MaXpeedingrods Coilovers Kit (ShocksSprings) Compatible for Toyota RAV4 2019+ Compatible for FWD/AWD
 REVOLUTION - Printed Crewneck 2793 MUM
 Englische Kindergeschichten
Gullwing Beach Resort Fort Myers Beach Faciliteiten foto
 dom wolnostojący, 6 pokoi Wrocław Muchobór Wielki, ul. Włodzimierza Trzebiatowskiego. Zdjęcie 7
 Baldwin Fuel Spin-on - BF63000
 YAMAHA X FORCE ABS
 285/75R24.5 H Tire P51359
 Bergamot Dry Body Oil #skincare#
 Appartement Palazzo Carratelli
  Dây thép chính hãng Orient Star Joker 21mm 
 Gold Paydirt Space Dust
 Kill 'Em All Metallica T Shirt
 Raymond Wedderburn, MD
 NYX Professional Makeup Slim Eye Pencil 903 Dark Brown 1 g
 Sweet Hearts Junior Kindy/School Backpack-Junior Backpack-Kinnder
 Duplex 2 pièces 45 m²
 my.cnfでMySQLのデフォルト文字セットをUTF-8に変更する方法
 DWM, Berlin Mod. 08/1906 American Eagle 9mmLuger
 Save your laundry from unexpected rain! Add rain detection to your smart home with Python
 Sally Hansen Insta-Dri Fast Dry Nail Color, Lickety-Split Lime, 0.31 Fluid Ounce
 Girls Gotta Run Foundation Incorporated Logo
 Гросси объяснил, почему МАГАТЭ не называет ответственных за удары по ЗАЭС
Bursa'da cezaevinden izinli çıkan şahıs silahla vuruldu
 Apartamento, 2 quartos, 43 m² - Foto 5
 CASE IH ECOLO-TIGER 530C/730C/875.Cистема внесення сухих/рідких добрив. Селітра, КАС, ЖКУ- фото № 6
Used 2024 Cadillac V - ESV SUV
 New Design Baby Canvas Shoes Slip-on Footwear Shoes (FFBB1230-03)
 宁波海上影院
-*-*-
# TASK
Down to the final line, the data above must be copied exactly.

# EXERCISE ANSWER
MaXpeedingrods Coilovers Kit (ShocksSprings) Compatible for Toyota RAV4 2019+ Compatible for FWD/AWD
 REVOLUTION - Printed Crewneck 2793 MUM
 Englische Kindergeschichten
Gullwing Beach Resort Fort Myers Beach Faciliteiten foto
 dom wolnostojący, 6 pokoi Wrocław Muchobór Wielki, ul. Włodzimierza Trzebiatowskiego. Zdjęcie 7
 Baldwin Fuel Spin-on - BF63000
 YAMAHA X FORCE ABS
 285/75R24.5 H Tire P51359
 Bergamot Dry Body Oil #skincare#
 Appartement Palazzo Carratelli
  Dây thép chính hãng Orient Star Joker 21mm 
 Gold Paydirt Space Dust
 Kill 'Em All Metallica T Shirt
 Raymond Wedderburn, MD
 NYX Professional Makeup Slim Eye Pencil 903 Dark Brown 1 g
 Sweet Hearts Junior Kindy/School Backpack-Junior Backpack-Kinnder
 Duplex 2 pièces 45 m²
 my.cnfでMySQLのデフォルト文字セットをUTF-8に変更する方法
 DWM, Berlin Mod. 08/1906 American Eagle 9mmLuger
 Save your laundry from unexpected rain! Add rain detection to your smart home with Python
 Sally Hansen Insta-Dri Fast Dry Nail Color, Lickety-Split Lime, 0.31 Fluid Ounce
 Girls Gotta Run Foundation Incorporated Logo
 Гросси объяснил, почему МАГАТЭ не называет ответственных за удары по ЗАЭС
Bursa'da cezaevinden izinli çıkan şahıs silahla vuruldu
 Apartamento, 2 quartos, 43 m² - Foto 5
 CASE IH ECOLO-TIGER 530C/730C/875.Cистема внесення сухих/рідких добрив. Селітра, КАС, ЖКУ- фото № 6
Used 2024 Cadillac V - ESV SUV
 New Design Baby Canvas Shoes Slip-on Footwear Shoes (FFBB1230-03)
 宁波海上影院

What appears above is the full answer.